- [WHAT TO WORK ON]: The lines to retype run from the one containing "Blumen vor der" through the end of the listing below. Reproduce them exactly, leaving out pictures.

:: THE DATA ::

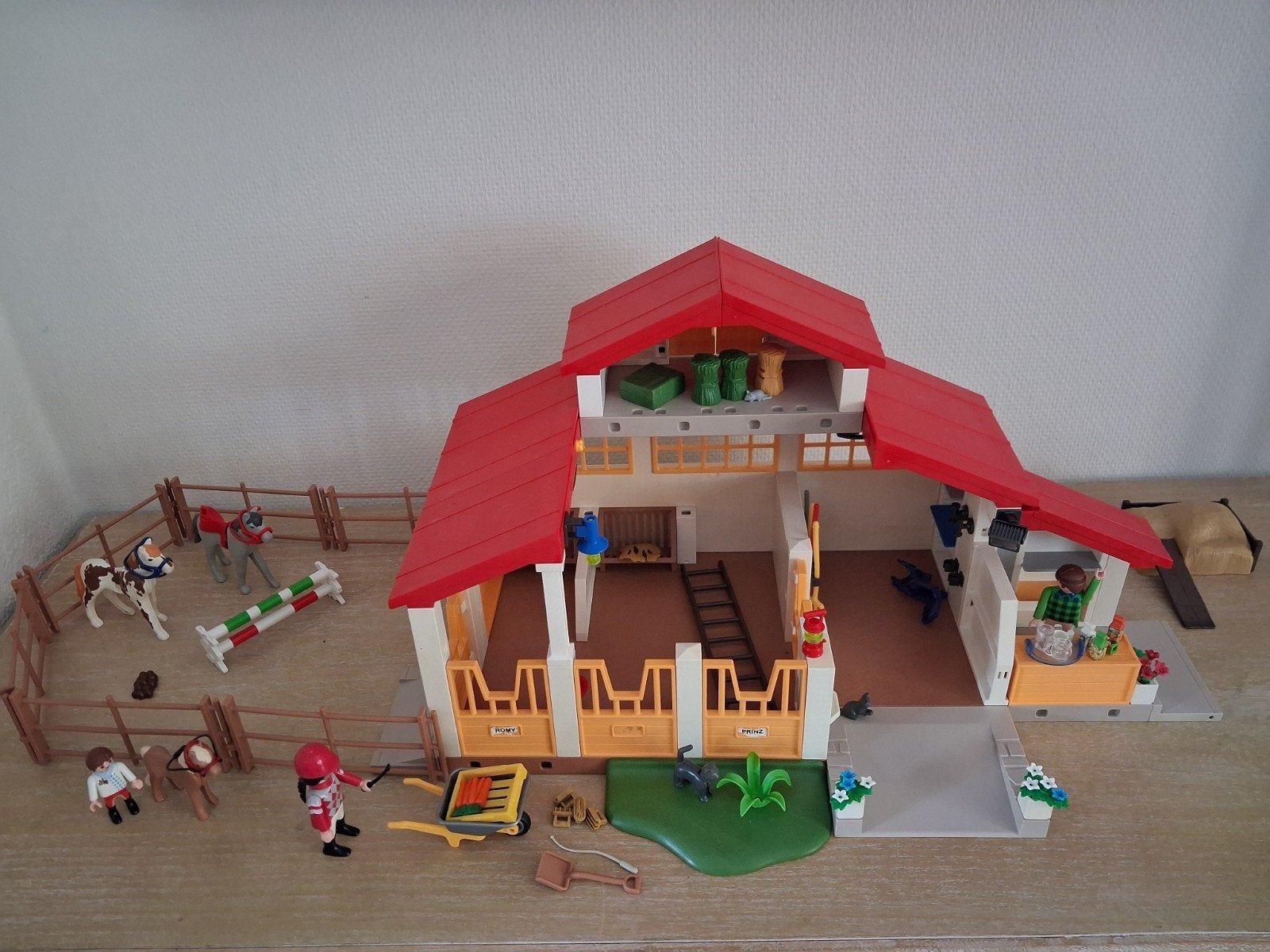 playmobil manege met binnen en buitenverblijf set 4190, Gebouw, Complete set, Ophalen of Verzenden, Zo goed als nieuw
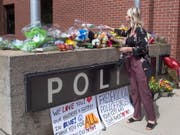 Blumen vor der Polizeistation in Fredericton für die zwei getöteten Polizisten. (Bild: Keystone/AP/Andrew Vaughan)
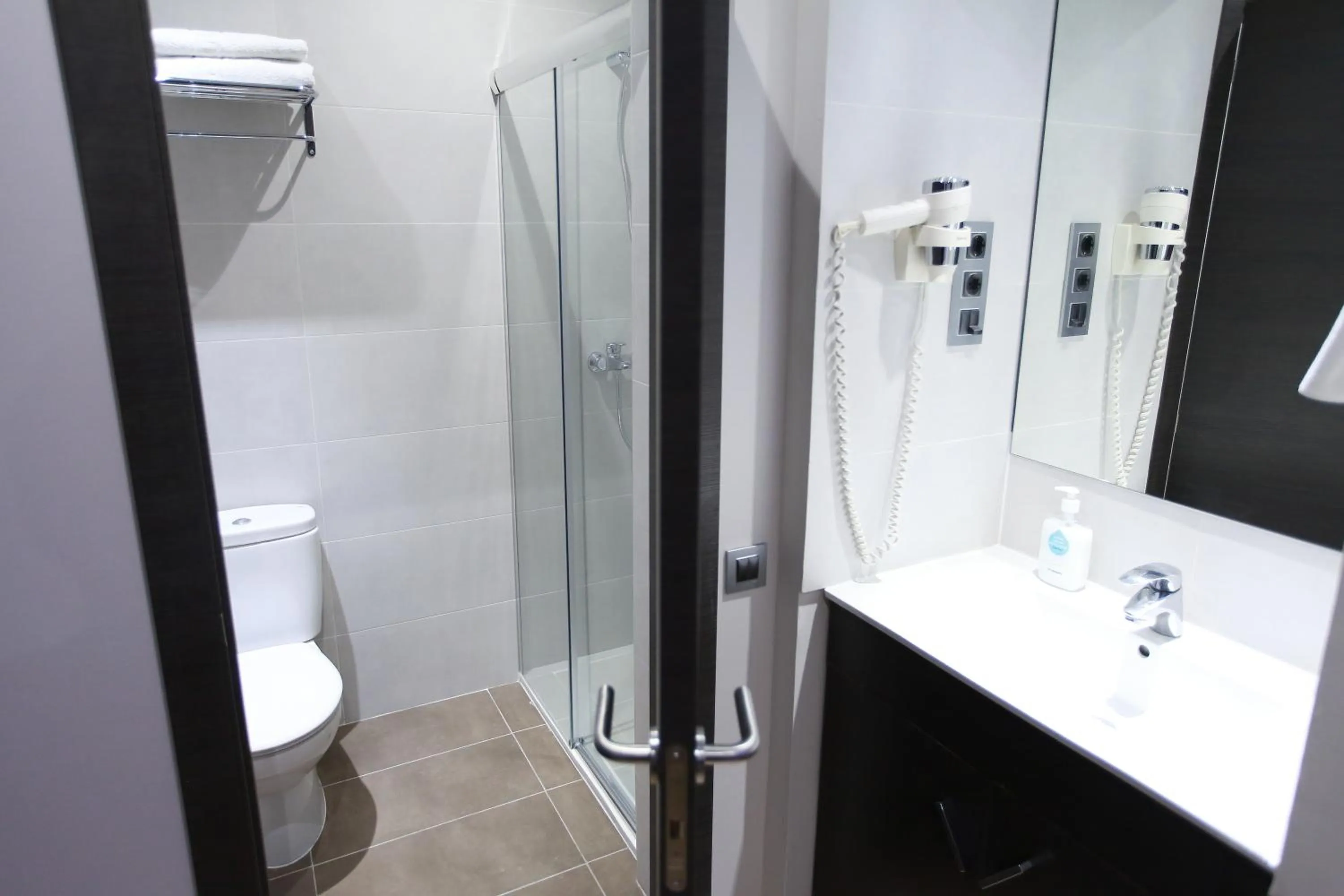 Bathroom in Hostal Las Flores Ramblas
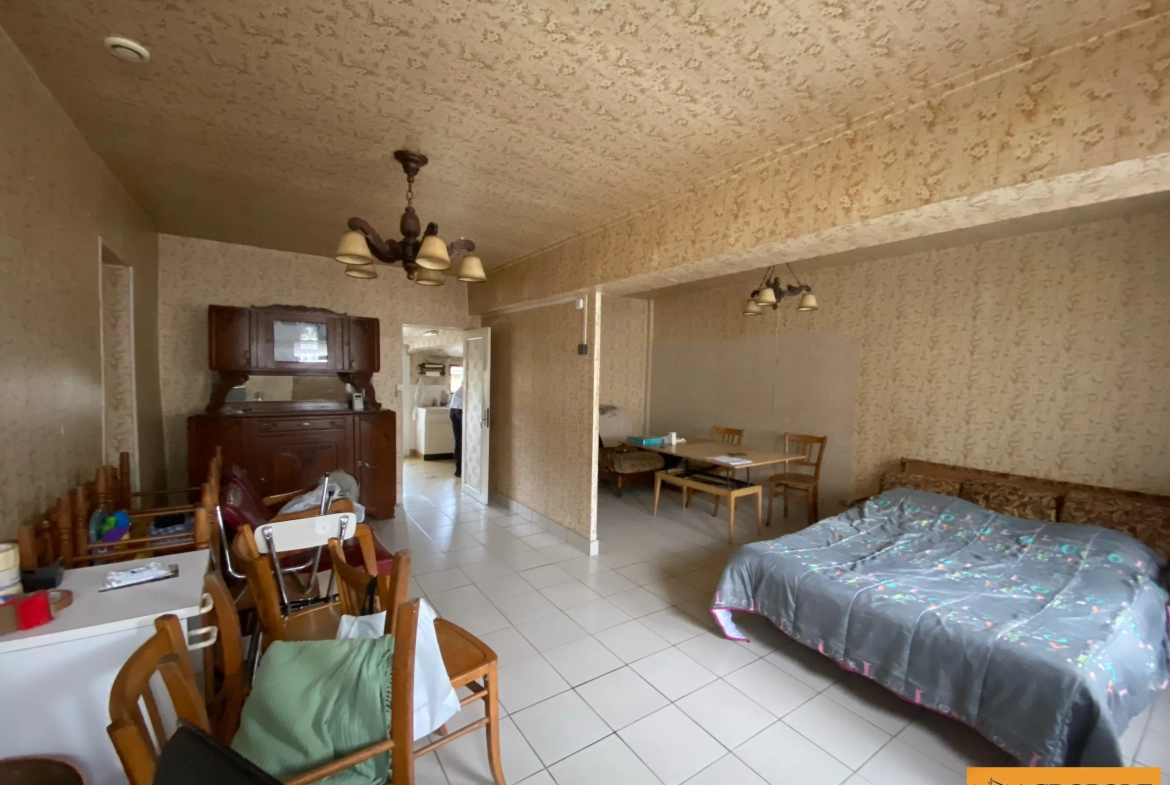 Maison à vendre à Poilly lez Gien avec 2 chambres et terrain clos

:::

- [WRITTEN ANSWER]:
 Blumen vor der Polizeistation in Fredericton für die zwei getöteten Polizisten. (Bild: Keystone/AP/Andrew Vaughan)
 Bathroom in Hostal Las Flores Ramblas
 Maison à vendre à Poilly lez Gien avec 2 chambres et terrain clos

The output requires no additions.